Banyak bisnis tetap kecil bukan karena produknya buruk.

Melainkan karena seluruh aktivitas masih bergantung pada pemilik.

Ketika owner berhenti bekerja, bisnis pun ikut berhenti.

Bisnis yang kuat adalah bisnis yang mampu berjalan melalui sistem dan tim, bukan semata-mata karena kerja keras pemiliknya.


Penutup

Kisah Brodo membuktikan bahwa peluang bisnis sering kali lahir dari masalah yang kita alami sendiri.
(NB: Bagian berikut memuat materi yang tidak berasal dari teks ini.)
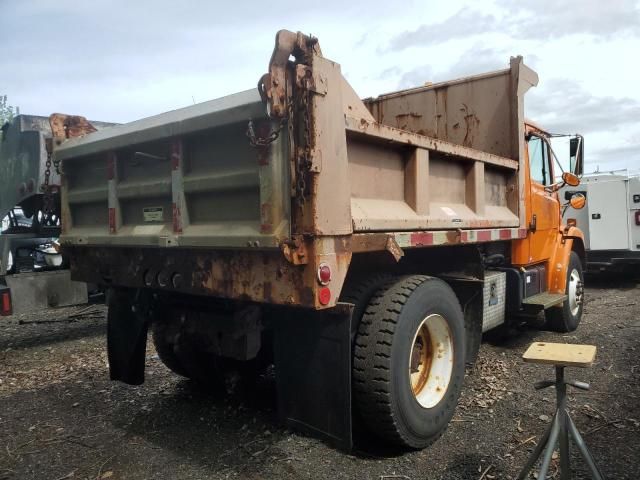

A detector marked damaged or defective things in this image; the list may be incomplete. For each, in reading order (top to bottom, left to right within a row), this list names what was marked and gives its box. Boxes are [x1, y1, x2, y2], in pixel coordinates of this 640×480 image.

rusty dump bed [52, 31, 536, 308]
Namun yang membuat sebuah bisnis mampu bertahan bukan hanya ide yang bagus.

Yang menentukan umur sebuah bisnis adalah kemampuan membangun sistem, menjaga kualitas, dan membentuk tim yang mampu bertumbuh bersama.

Pada akhirnya, produk yang baik memang menarik pelanggan. Namun sistem yang baik membuat pelanggan terus kembali.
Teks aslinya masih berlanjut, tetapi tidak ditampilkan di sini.